** Data extracts **
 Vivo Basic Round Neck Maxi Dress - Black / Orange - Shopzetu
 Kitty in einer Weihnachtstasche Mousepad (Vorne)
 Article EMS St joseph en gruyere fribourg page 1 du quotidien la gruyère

--

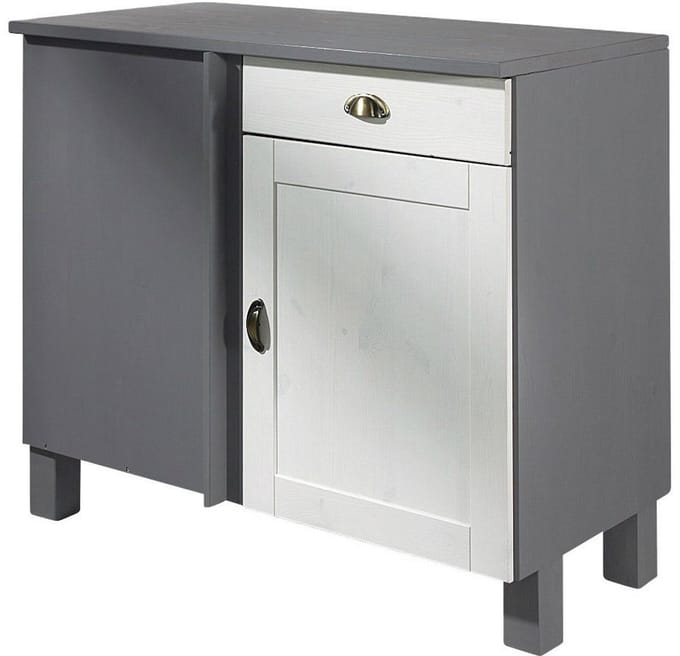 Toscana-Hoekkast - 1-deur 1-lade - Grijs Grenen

** What is expected **
Copy the lines of the data above exactly as written, beginning with the line containing "Vivo Basic Round" and ending with the line containing "Article EMS St", and leave out all other lines.

** The completed task **
 Vivo Basic Round Neck Maxi Dress - Black / Orange - Shopzetu
 Kitty in einer Weihnachtstasche Mousepad (Vorne)
 Article EMS St joseph en gruyere fribourg page 1 du quotidien la gruyère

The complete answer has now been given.